# WHAT IS BEING ASKED:
Please repeat, exactly as written, the line containing "Dog Treat Pouch, Lvory" and every line after it through the end of the records below, leaving out any pictures.
MATERIAL FOR THIS EXERCISE: Begin
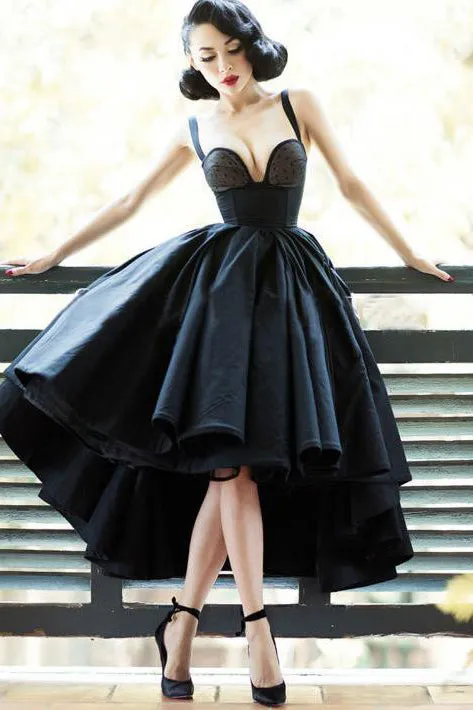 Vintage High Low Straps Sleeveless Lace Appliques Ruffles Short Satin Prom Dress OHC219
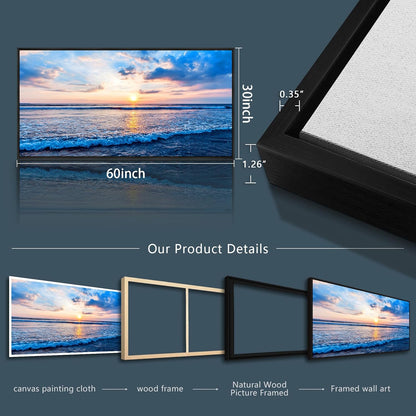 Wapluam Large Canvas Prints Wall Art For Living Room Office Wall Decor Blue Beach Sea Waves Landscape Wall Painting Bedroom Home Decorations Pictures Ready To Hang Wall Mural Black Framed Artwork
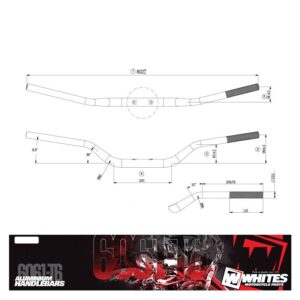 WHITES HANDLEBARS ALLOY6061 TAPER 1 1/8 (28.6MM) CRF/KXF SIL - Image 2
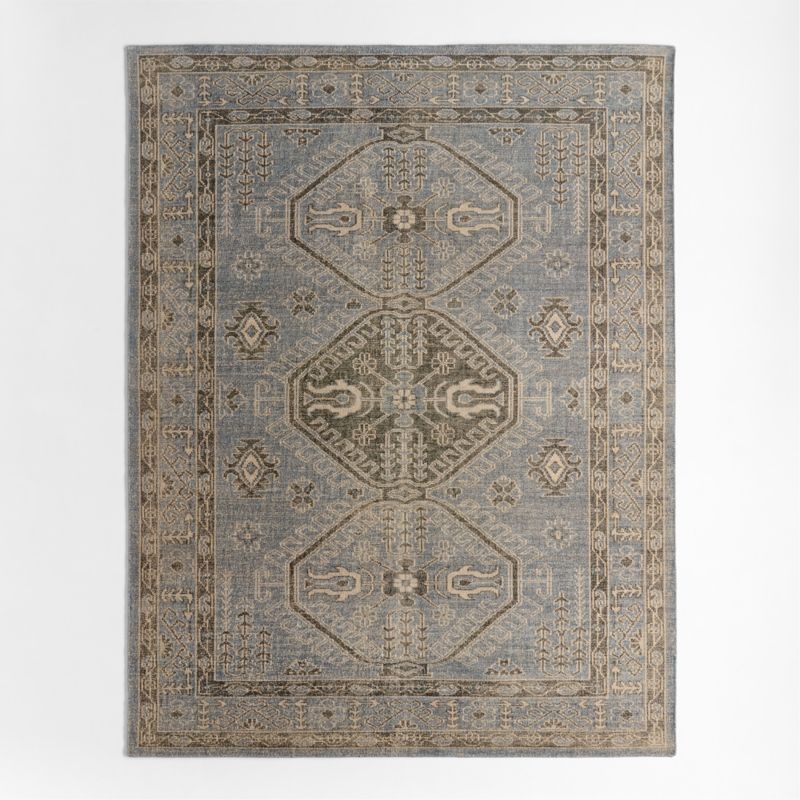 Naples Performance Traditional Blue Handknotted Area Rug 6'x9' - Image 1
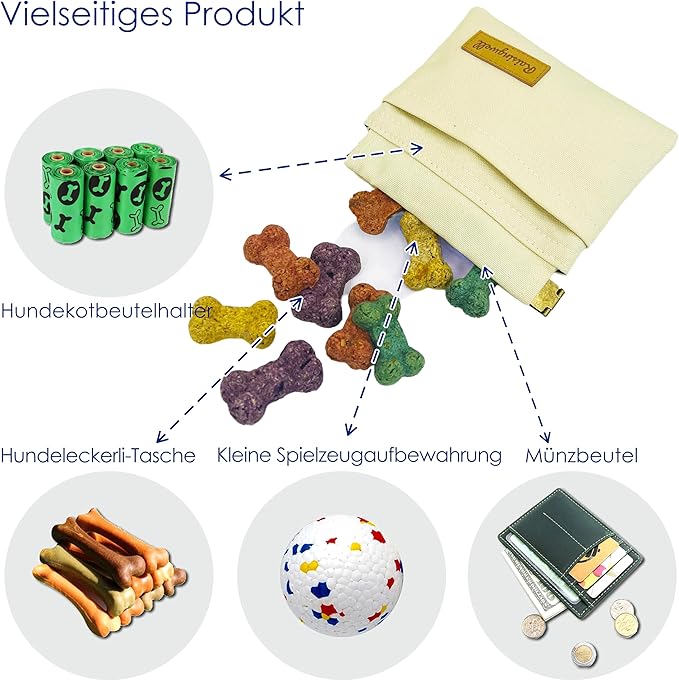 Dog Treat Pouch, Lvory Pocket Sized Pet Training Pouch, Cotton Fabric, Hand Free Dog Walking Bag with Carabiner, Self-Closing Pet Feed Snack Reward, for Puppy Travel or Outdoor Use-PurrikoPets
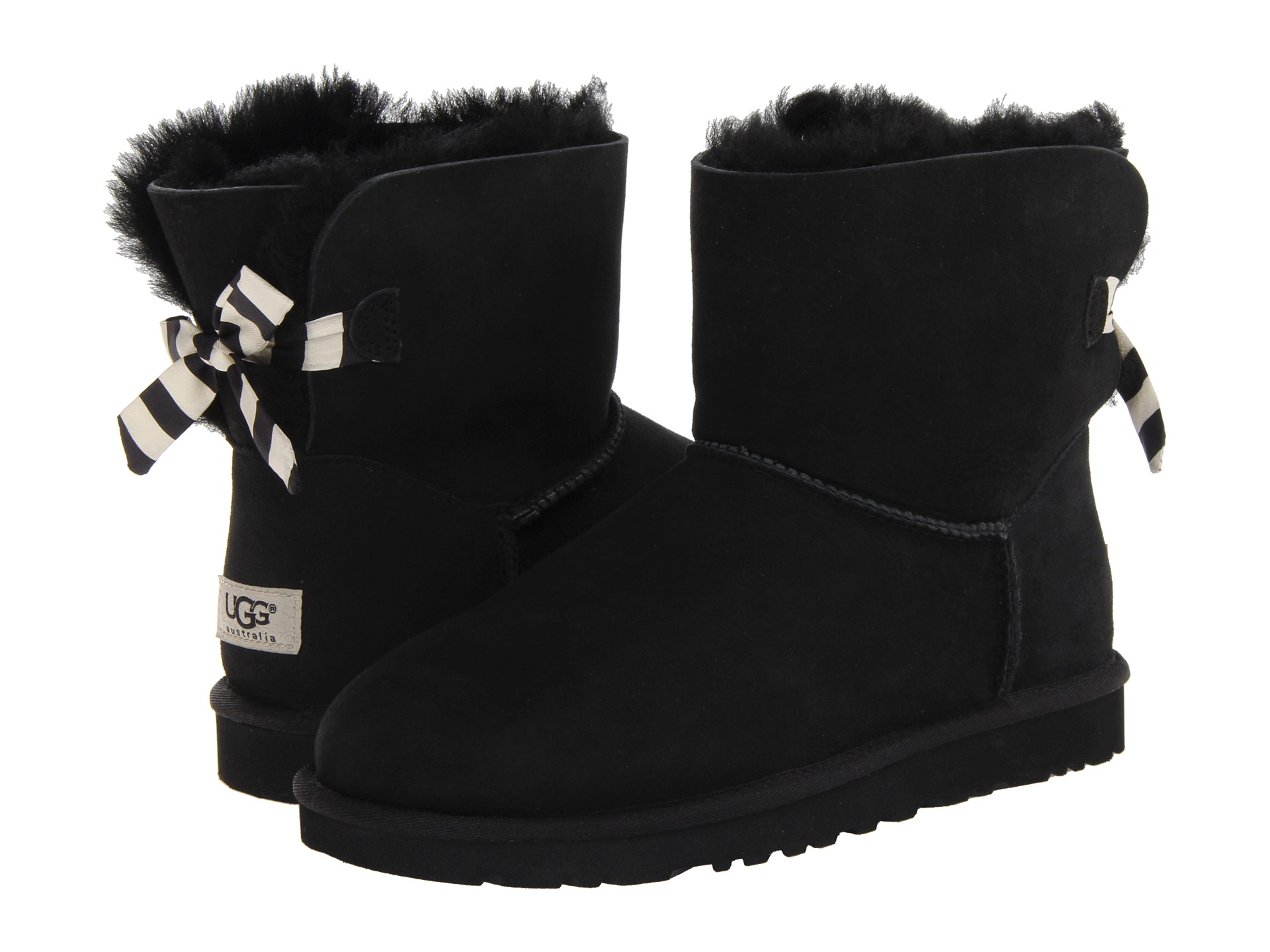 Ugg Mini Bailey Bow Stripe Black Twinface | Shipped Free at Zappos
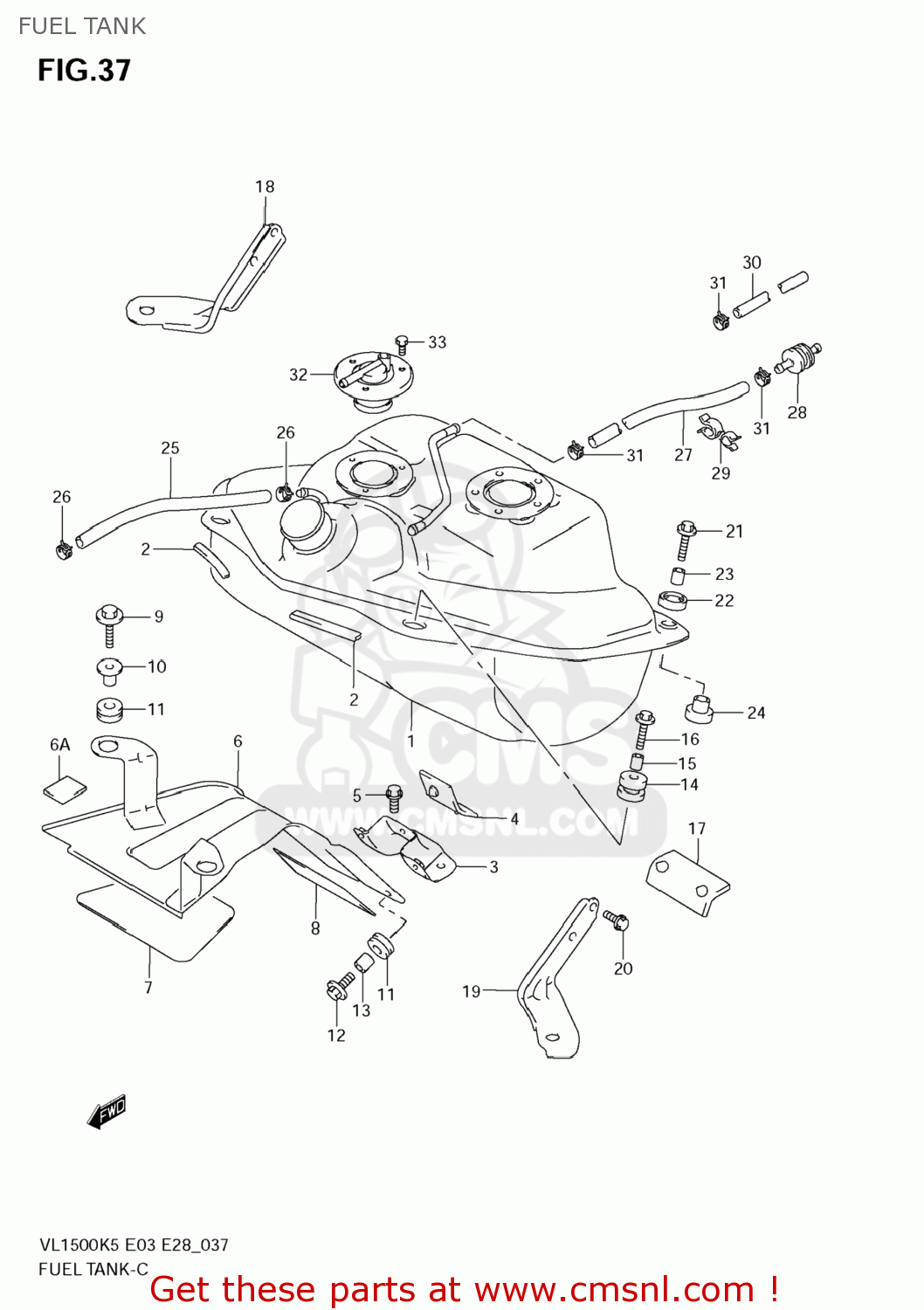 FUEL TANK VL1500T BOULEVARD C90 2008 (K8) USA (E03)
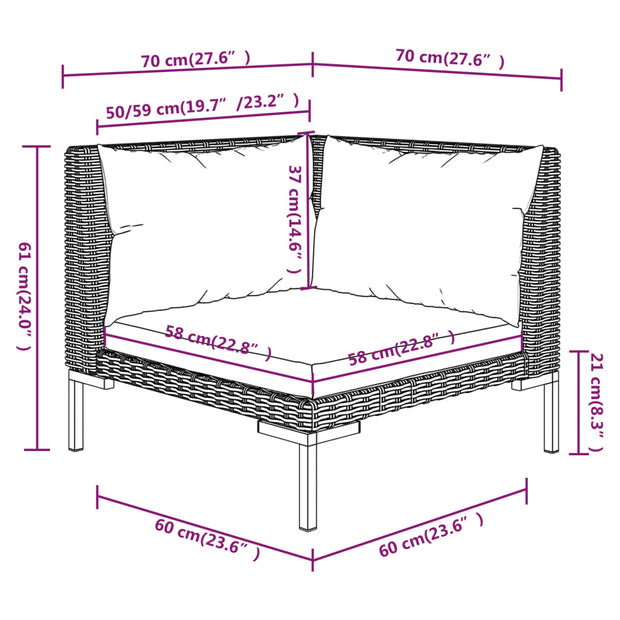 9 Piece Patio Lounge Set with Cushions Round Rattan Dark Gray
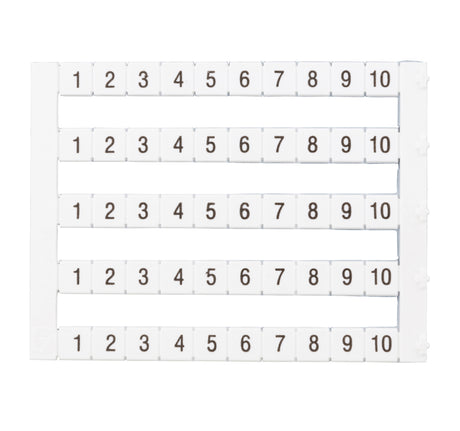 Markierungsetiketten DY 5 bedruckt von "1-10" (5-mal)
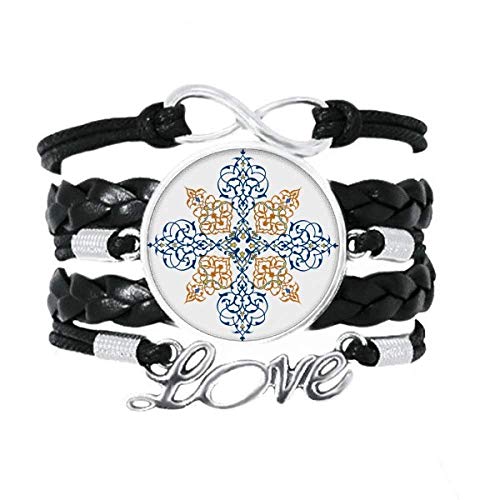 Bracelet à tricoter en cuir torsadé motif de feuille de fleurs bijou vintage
MATERIAL FOR THIS EXERCISE: End
# RESPONSE TO THIS EXERCISE:
 Dog Treat Pouch, Lvory Pocket Sized Pet Training Pouch, Cotton Fabric, Hand Free Dog Walking Bag with Carabiner, Self-Closing Pet Feed Snack Reward, for Puppy Travel or Outdoor Use-PurrikoPets
 Ugg Mini Bailey Bow Stripe Black Twinface | Shipped Free at Zappos
 FUEL TANK VL1500T BOULEVARD C90 2008 (K8) USA (E03)
 9 Piece Patio Lounge Set with Cushions Round Rattan Dark Gray
 Markierungsetiketten DY 5 bedruckt von "1-10" (5-mal)
 Bracelet à tricoter en cuir torsadé motif de feuille de fleurs bijou vintage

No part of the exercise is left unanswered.